++++ Data ++++
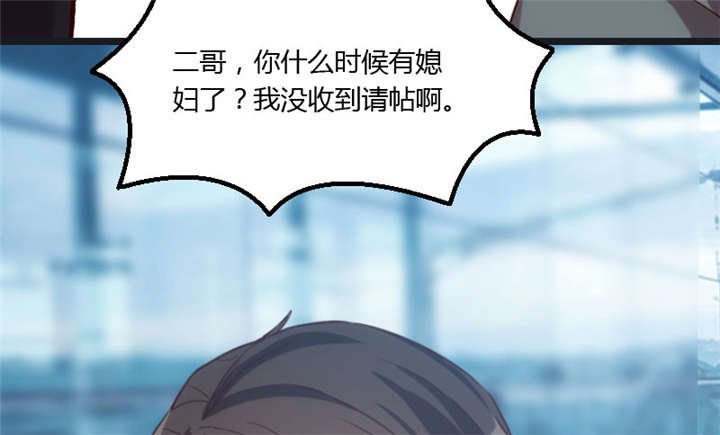 第17章：有人欺负你媳妇怎么办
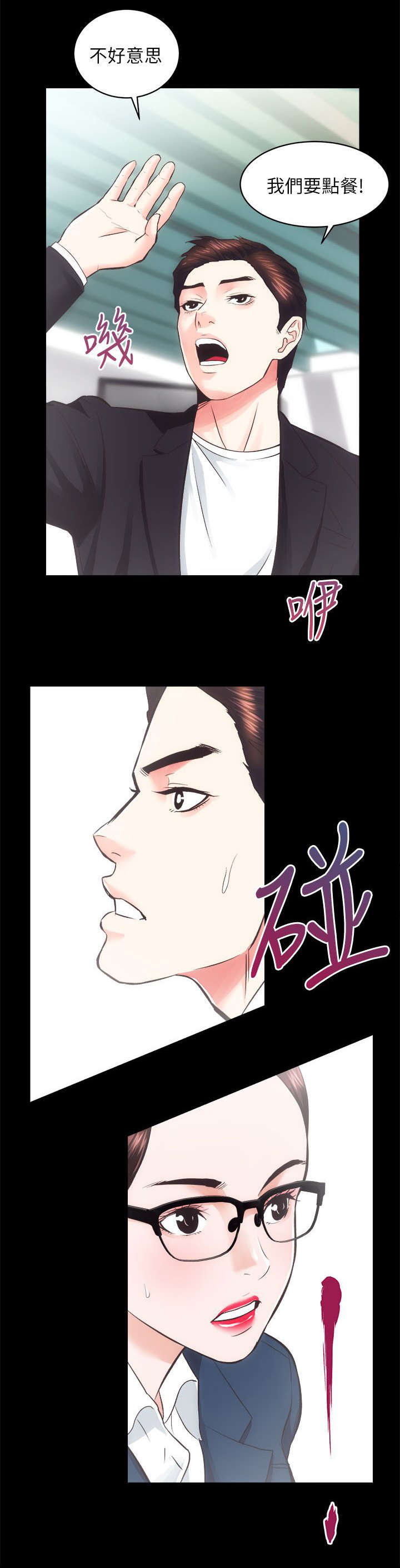 第35章：车祸7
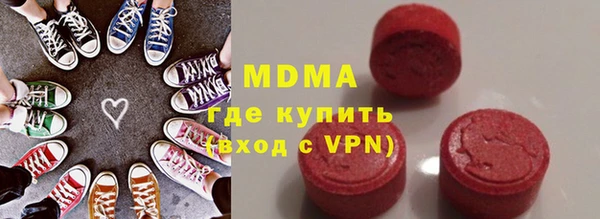 бутират Арсеньев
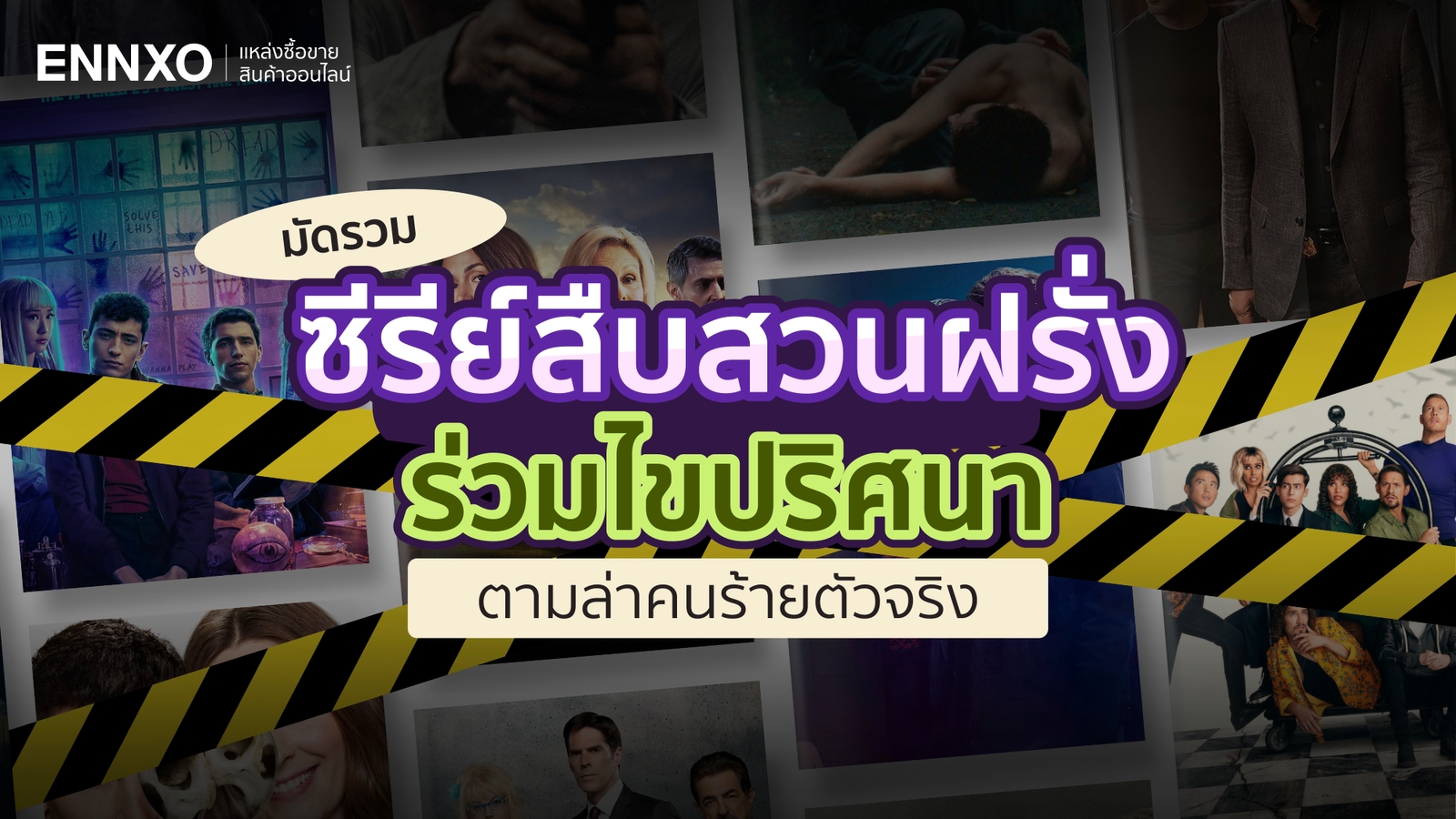 แนะนำซีรีย์ฝรั่งสืบสวนสอบสวน 2025 แก้ไขปริศนา ตามหาคนร้ายตัวจริง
++++
• **What is expected**
Write out all the material verbatim, images excluded.

• **Response**
 第17章：有人欺负你媳妇怎么办
 第35章：车祸7
 бутират Арсеньев
 แนะนำซีรีย์ฝรั่งสืบสวนสอบสวน 2025 แก้ไขปริศนา ตามหาคนร้ายตัวจริง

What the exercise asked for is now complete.